Getting the Chinese Ministry of Education's endorsement for a Confucius Institute is a competitive process among universities, and Crummett started working about a year ago on USF's proposal.
She considers this a big coup for USF, which like other universities is emphasizing China more and more in its global education and research.
"China will be the dominant economy in the world within a decade, if not sooner," she said. "So this is a recognition of the importance of China on the global stage."
Florida International University has a hospitality management program in Tianjin, China, and the University of Florida has an international studies center in Beijing.

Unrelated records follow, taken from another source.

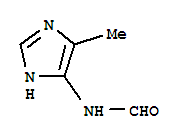 Structure of 750643-38-0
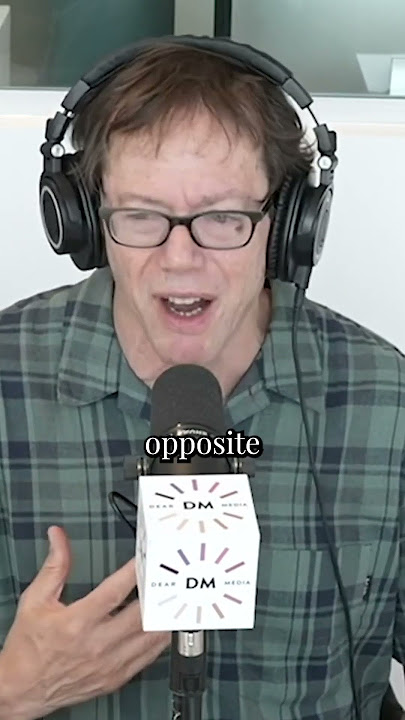How To Seduce Anyone I Robert Greene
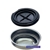 Pods filter, Saeco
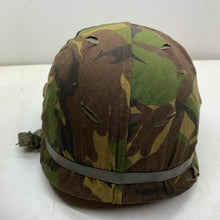 Lade das Bild in den Galerie-Viewer, Image #3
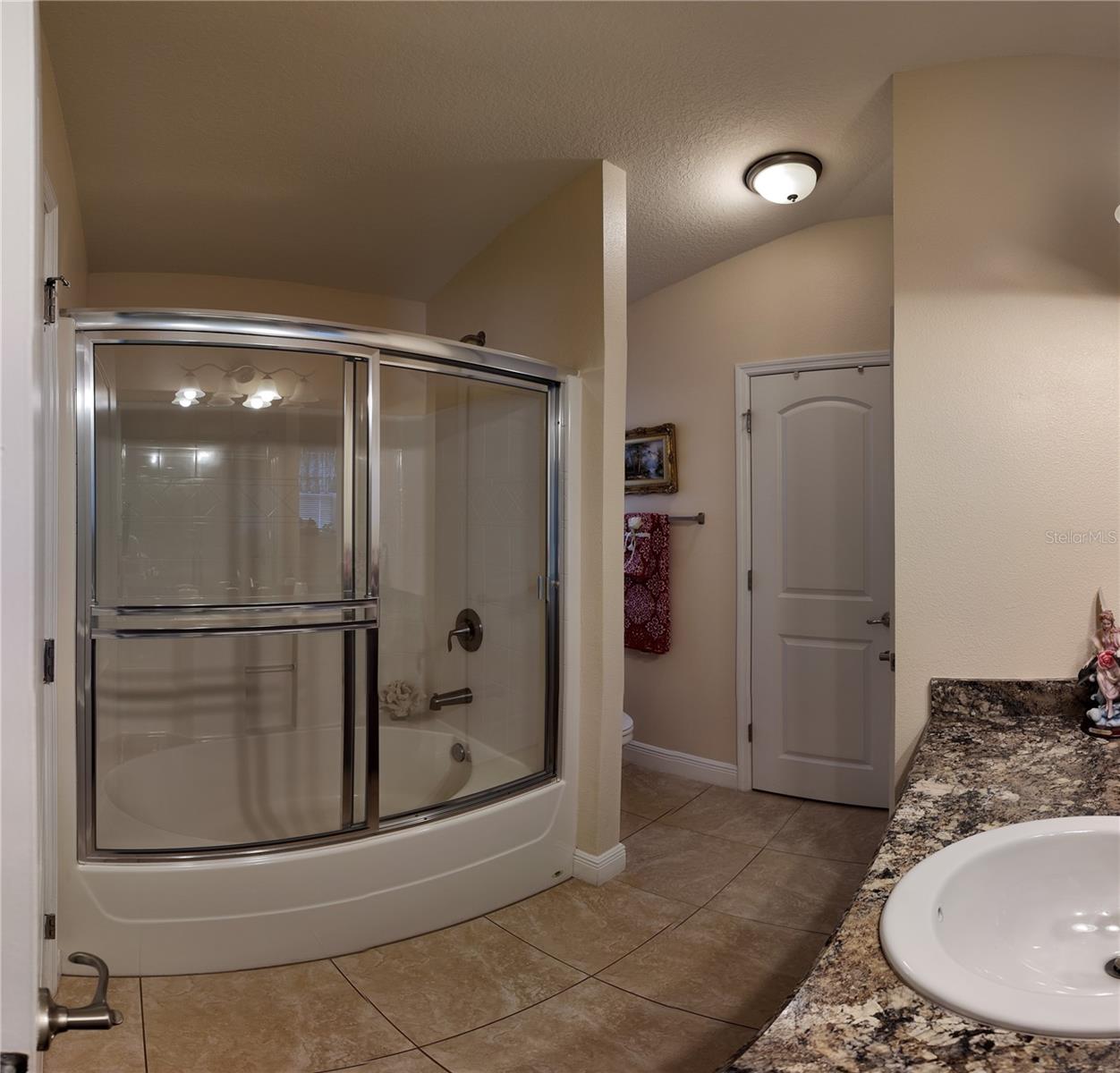 POINCIANA NBRHD 6 VILLAGE 7 - Residential
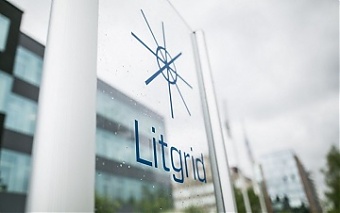 20056_litgrid.jpg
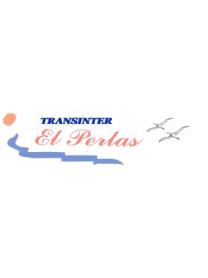 TRANSINTER EL PERLAS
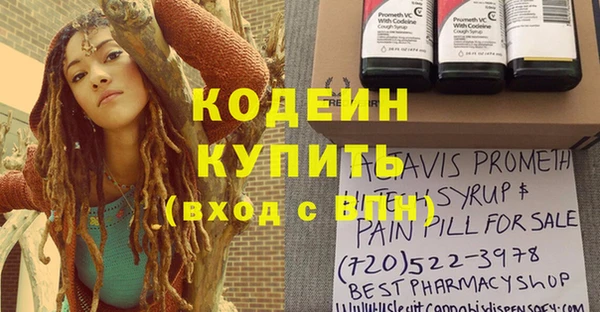 шишки Беломорск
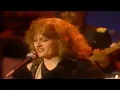 Teena Marie - Lovergirl Live 1984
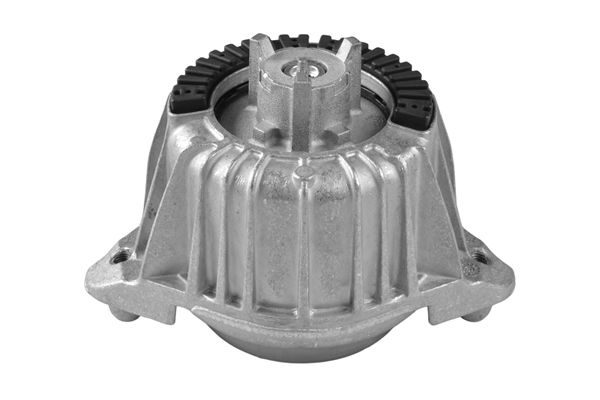 Опора двигуна TEDGUM TED13918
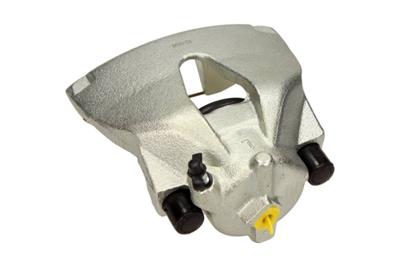 MAXGEAR 82-0409 EAN: 5902659750556.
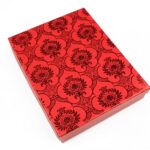 cutie-cadou-rosie-pentru-set-cercei-colier-si-inel-3x12x16cm-58.jpg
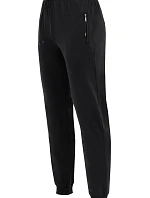 KALHOTY JANKLOD 3XL-4XL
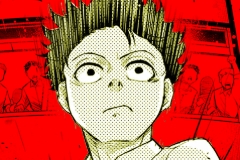 89825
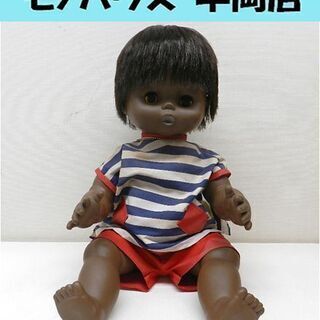 スリープアイの中古が安い!激安で譲ります・無料であげます スリープアイの中古が安い!激安で譲ります・無料であげます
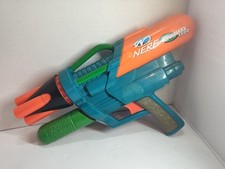 Vintage nerf supermaxx for sale  Stroudsburg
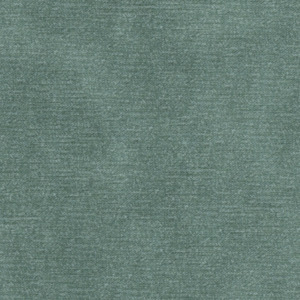 Warwick beretta fabric 2 product listing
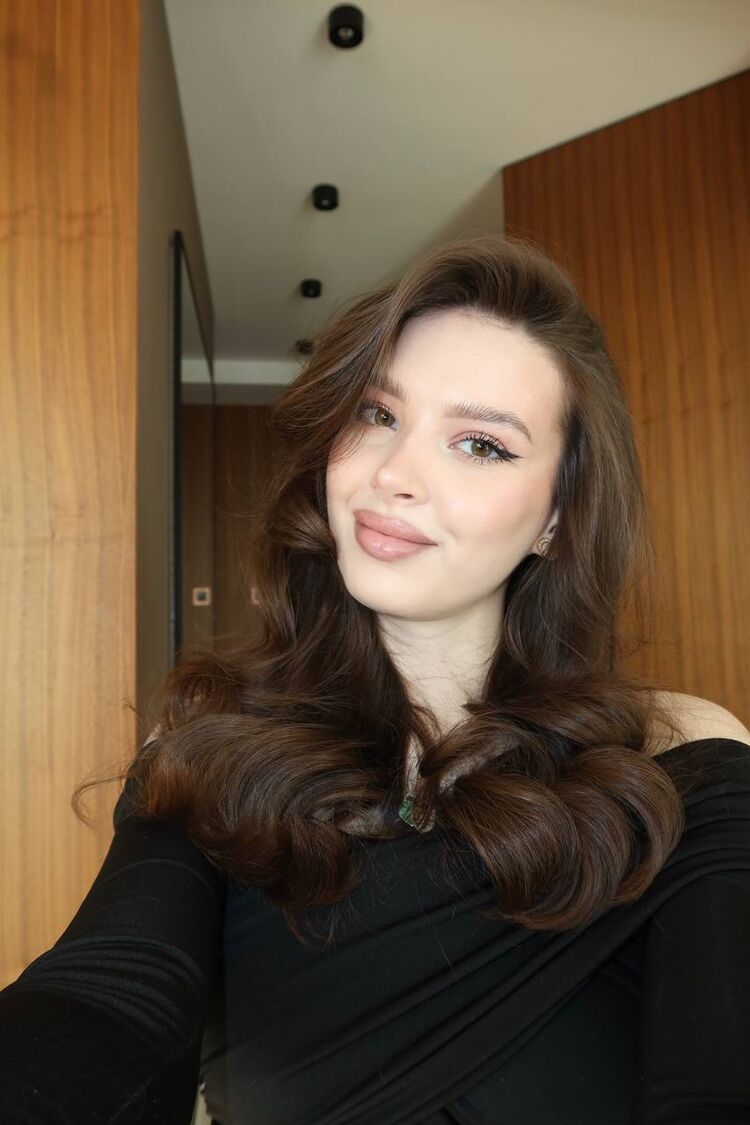  -,   , 24 ,   ,   , c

The first Confucius Institute opened in Seoul, Korea, in 2004. The next year, the Office of Chinese Language Council International, based in Beijing, chose the University of Maryland at College Park to be the first U.S. university to open one of the institutes. Since then, institutes have opened at Michigan State University, UCLA, San Francisco State University, Texas A&M, and Emory, to name a few.
Crummett said USF will host an official opening celebration in March, where she hopes to have state elected officials and Chinese representatives.
"This is an interesting way that will build our capabilities in Chinese culture and language," she said. "But it's also a bridge to so much more."